→ Your objective
Transcribe only the lines between the first line of the records and the line containing "Quick Tricks To", inclusive, exactly as written.

Records excerpted from a collection
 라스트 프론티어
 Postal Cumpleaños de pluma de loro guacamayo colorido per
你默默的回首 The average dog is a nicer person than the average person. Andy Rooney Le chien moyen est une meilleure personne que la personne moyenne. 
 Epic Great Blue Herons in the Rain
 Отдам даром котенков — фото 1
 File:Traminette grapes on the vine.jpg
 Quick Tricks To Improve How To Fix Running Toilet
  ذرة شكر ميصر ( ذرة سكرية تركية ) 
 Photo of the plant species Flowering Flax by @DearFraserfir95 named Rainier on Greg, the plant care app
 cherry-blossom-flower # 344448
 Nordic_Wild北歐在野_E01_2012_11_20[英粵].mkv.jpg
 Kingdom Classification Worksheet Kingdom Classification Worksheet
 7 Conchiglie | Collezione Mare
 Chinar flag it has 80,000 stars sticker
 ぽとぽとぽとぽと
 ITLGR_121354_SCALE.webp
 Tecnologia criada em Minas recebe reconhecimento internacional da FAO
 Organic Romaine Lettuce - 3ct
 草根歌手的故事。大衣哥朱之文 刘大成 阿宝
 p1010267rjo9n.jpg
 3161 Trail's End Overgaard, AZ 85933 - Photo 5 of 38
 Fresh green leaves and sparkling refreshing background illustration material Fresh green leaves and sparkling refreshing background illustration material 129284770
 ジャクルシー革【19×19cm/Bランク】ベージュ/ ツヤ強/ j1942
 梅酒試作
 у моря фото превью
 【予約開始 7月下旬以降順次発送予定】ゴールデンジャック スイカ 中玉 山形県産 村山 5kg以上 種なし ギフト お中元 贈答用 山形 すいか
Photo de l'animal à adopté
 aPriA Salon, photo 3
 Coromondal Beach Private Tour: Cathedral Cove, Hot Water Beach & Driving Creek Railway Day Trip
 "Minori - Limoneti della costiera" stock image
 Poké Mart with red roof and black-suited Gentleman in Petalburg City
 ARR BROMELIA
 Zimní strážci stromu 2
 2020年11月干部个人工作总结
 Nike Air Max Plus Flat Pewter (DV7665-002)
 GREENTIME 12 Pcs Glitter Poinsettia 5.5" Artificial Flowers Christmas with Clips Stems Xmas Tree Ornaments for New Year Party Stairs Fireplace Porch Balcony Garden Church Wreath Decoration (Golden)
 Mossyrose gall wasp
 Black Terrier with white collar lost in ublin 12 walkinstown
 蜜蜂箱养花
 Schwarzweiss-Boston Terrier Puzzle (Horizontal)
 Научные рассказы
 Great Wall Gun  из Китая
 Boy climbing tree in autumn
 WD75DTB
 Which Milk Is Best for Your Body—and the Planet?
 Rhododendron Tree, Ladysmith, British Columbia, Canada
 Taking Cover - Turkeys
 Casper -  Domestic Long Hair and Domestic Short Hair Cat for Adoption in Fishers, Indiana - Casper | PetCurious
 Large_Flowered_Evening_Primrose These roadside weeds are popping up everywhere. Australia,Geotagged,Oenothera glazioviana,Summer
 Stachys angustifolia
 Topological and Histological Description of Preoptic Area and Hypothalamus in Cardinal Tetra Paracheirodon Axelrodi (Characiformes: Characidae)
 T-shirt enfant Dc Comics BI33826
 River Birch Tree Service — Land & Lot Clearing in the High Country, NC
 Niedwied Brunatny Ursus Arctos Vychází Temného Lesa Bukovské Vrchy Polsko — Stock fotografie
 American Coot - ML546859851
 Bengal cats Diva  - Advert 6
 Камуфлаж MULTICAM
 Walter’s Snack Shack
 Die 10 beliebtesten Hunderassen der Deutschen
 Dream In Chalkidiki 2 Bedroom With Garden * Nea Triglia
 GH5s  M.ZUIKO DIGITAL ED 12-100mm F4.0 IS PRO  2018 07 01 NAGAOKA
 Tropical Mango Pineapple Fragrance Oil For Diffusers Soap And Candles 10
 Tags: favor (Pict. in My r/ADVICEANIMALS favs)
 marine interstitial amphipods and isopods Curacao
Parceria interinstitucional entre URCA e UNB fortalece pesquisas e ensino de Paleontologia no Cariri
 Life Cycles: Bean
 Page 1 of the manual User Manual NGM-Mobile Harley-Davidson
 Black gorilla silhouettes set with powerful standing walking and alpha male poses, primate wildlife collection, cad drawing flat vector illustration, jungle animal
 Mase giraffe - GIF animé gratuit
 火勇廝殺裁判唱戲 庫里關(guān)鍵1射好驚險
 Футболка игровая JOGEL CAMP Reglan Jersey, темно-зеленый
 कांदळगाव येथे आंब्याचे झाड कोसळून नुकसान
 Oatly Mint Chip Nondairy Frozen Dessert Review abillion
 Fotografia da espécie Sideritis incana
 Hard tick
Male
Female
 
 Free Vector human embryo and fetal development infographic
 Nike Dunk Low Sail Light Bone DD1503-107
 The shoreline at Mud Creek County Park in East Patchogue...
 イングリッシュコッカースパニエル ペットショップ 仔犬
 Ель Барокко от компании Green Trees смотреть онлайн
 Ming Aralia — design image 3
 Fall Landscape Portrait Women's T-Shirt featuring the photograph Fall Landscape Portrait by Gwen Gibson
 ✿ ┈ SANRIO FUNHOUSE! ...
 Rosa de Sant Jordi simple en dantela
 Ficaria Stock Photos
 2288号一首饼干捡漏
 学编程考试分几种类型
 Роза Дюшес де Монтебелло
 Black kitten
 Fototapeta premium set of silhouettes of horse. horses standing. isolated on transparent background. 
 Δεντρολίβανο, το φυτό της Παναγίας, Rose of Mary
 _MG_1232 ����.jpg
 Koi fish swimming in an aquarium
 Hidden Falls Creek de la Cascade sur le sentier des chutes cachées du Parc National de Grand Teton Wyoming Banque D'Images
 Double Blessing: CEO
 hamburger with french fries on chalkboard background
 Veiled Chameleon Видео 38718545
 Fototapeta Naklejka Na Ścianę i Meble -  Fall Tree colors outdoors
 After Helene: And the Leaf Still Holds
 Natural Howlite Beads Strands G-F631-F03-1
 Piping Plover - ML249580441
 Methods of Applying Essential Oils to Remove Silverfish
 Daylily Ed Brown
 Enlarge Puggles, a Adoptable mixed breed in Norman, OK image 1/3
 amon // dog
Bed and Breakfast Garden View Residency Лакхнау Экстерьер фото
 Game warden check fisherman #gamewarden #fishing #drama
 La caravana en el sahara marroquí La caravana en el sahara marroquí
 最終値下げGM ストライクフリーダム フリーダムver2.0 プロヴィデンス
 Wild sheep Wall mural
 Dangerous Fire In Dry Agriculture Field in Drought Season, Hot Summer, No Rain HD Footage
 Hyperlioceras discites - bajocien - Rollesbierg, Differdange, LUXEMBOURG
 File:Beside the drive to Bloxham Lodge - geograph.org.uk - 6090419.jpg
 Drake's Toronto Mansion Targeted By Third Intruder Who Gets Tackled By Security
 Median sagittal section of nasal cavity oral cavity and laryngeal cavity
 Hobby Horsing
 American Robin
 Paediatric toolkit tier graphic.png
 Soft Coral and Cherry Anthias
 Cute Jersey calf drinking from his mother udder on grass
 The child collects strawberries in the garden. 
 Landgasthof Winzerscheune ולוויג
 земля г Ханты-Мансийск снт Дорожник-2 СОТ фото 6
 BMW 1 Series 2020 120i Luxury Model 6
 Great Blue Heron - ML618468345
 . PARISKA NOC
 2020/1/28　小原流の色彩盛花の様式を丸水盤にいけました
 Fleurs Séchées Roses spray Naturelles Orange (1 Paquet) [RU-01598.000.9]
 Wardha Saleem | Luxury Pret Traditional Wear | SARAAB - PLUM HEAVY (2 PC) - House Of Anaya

→ Solution
 라스트 프론티어
 Postal Cumpleaños de pluma de loro guacamayo colorido per
你默默的回首 The average dog is a nicer person than the average person. Andy Rooney Le chien moyen est une meilleure personne que la personne moyenne. 
 Epic Great Blue Herons in the Rain
 Отдам даром котенков — фото 1
 File:Traminette grapes on the vine.jpg
 Quick Tricks To Improve How To Fix Running Toilet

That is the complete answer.